Harris Ranch CID FAQs

Q: What is a CID?
A: CID stands for “Community Infrastructure District.” These were allowed by the legislature as a means for developers to obtain tax-exempt funding for providing publicly owned infrastructure within their development. The law states that there are three purposes of a CID:
a. to encourage funding and construction of regional community infrastructure in advance of actual developmental growth that creates a need for such additional infrastructure;
b. to provide a means for the advance payment of development impact fees...and the community infrastructure that may be provided thereby; and

c. to create additional financial tools and financing mechanisms that allow new growth to more expediently pay for itself.

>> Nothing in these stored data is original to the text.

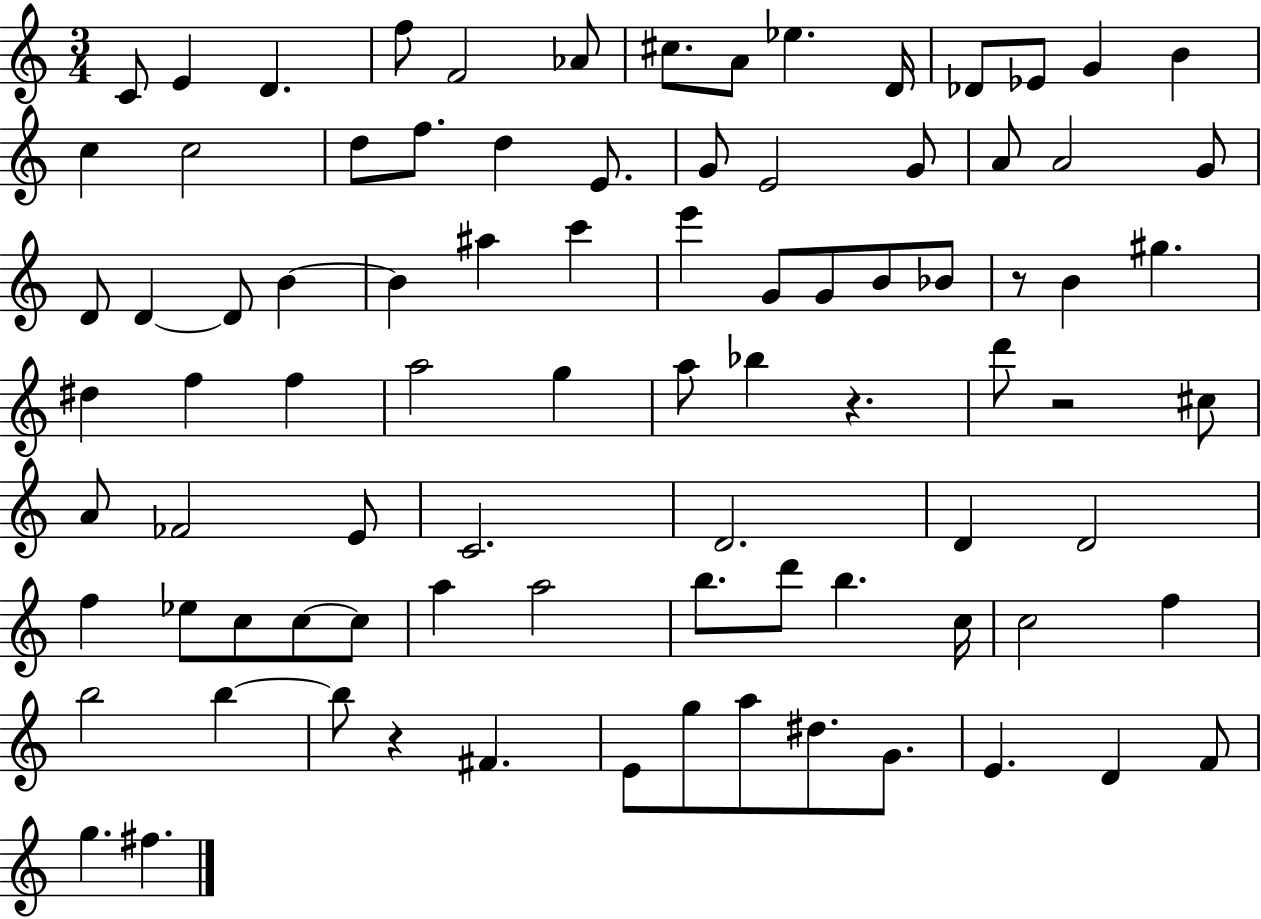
X:1
T:Untitled
M:3/4
L:1/4
K:C
C/2 E D f/2 F2 _A/2 ^c/2 A/2 _e D/4 _D/2 _E/2 G B c c2 d/2 f/2 d E/2 G/2 E2 G/2 A/2 A2 G/2 D/2 D D/2 B B ^a c' e' G/2 G/2 B/2 _B/2 z/2 B ^g ^d f f a2 g a/2 _b z d'/2 z2 ^c/2 A/2 _F2 E/2 C2 D2 D D2 f _e/2 c/2 c/2 c/2 a a2 b/2 d'/2 b c/4 c2 f b2 b b/2 z ^F E/2 g/2 a/2 ^d/2 G/2 E D F/2 g ^f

Q: Where can I find the entire CID law?
A: Title 50 Chapter 31 of the Idaho Code.

Q: How is a CID created?
A: A developer submits an application to the City Council. The City Council may approve or reject the application. If they approve the application and establish the District, the Council appoints three of its members to serve as the District’s Board of Commissioners.

Q: Is the CID a City agency?
A: No. It is a separate taxing district with a separate employer identification number. The City is not responsible or liable for the district. It has taxing, assessing and bonding powers separate and apart from those of the City.

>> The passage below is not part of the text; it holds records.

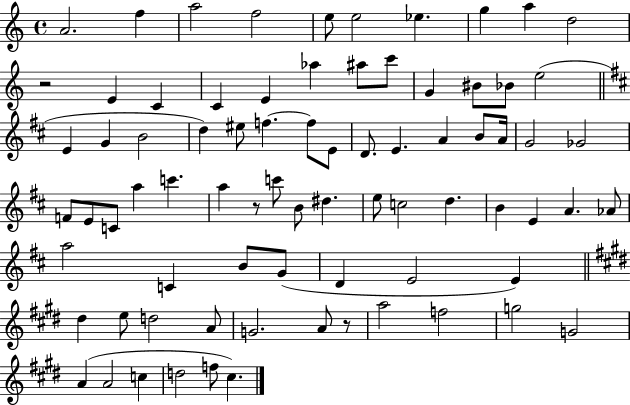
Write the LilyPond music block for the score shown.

{
  \clef treble
  \time 4/4
  \defaultTimeSignature
  \key c \major
  \repeat volta 2 { a'2. f''4 | a''2 f''2 | e''8 e''2 ees''4. | g''4 a''4 d''2 | \break r2 e'4 c'4 | c'4 e'4 aes''4 ais''8 c'''8 | g'4 bis'8 bes'8 e''2( | \bar "||" \break \key d \major e'4 g'4 b'2 | d''4) eis''8 f''4.~~ f''8 e'8 | d'8. e'4. a'4 b'8 a'16 | g'2 ges'2 | \break f'8 e'8 c'8 a''4 c'''4. | a''4 r8 c'''8 b'8 dis''4. | e''8 c''2 d''4. | b'4 e'4 a'4. aes'8 | \break a''2 c'4 b'8 g'8( | d'4 e'2 e'4) | \bar "||" \break \key e \major dis''4 e''8 d''2 a'8 | g'2. a'8 r8 | a''2 f''2 | g''2 g'2 | \break a'4( a'2 c''4 | d''2 f''8 cis''4.) | } \bar "|."
}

Q: How does the CID raise money?
A: There are several avenues to raise money. The District may require developer reimbursements. It may also levy a tax of no than 0.1 mill (.0001%) to cover administrative costs. The District may issue general obligation bonds and levy a property tax of up to 3 mills (.003%) to pay debt service on the bonds. It may also enact special assessments for the purposes of paying for infrastructure. Bonds may be issued to allow residents to pay their assessments over time. Finally, the District may issue revenue bonds.

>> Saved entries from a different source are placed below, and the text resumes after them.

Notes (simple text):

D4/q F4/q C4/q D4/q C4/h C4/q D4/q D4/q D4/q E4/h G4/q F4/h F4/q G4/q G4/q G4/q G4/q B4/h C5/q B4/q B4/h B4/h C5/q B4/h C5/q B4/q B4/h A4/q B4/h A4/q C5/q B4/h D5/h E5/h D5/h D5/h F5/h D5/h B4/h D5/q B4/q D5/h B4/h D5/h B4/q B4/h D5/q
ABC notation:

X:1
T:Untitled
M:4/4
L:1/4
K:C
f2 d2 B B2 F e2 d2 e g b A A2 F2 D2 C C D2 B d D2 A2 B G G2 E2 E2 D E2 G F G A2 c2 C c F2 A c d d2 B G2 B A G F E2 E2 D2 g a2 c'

Q: Does the CID need authorization to issue bonds?
A: Yes. A 2/3 vote of owners and residents living within the district is required to issue bonds. When the Harris Ranch Community Infrastructure District was formed, 2/3 of voters living within the district voted in favor of issuing of G.O. bonds in the principal amount of $50,000,000.00.

Q: Can tax levies and special assessments be increased?
A: The general obligation bonds and administrative levies may not be increased above the statutory 3 mills and 0.1 mill respectively. Once a special assessment is set, it may not increase more than 2% per year to a maximum cap of 10%.